[[ Dataset section, beginning ]]

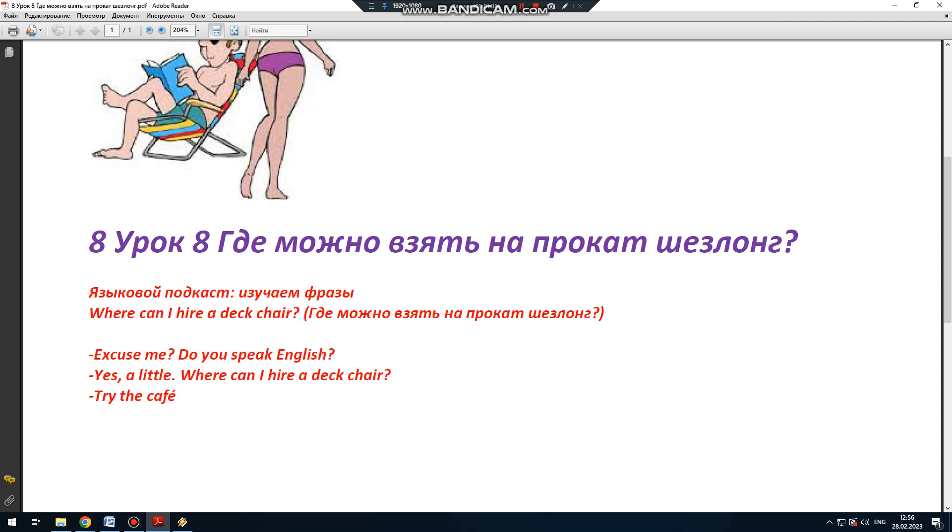Where? Где? Can? Могу? I? Я? Hire? Взять на прокат? Where can I hire a? Неопределенный артикль? Deck chair? Шезлонг.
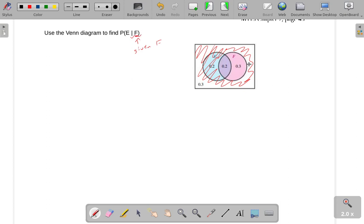We're getting rid of all this. We know that we're in F because this says given F. That's what this part is. We know that F has happened, so we know that none of this stuff can happen.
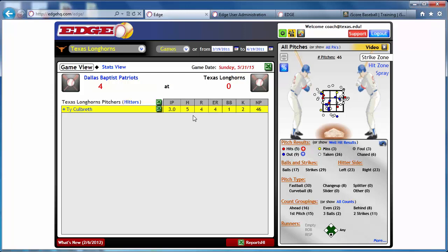Hopefully this answered some of the questions you may have regarding charting with Edge HQ, and we look forward to speaking with you soon. Again, this is Matt from EdgeHQ.com. Thanks.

[[ Dataset section, end ]]

## Problem description
Could you copy the listing exactly, leaving out any pictures?

## Exercise result
Where? Где? Can? Могу? I? Я? Hire? Взять на прокат? Where can I hire a? Неопределенный артикль? Deck chair? Шезлонг.
We're getting rid of all this. We know that we're in F because this says given F. That's what this part is. We know that F has happened, so we know that none of this stuff can happen.
Hopefully this answered some of the questions you may have regarding charting with Edge HQ, and we look forward to speaking with you soon. Again, this is Matt from EdgeHQ.com. Thanks.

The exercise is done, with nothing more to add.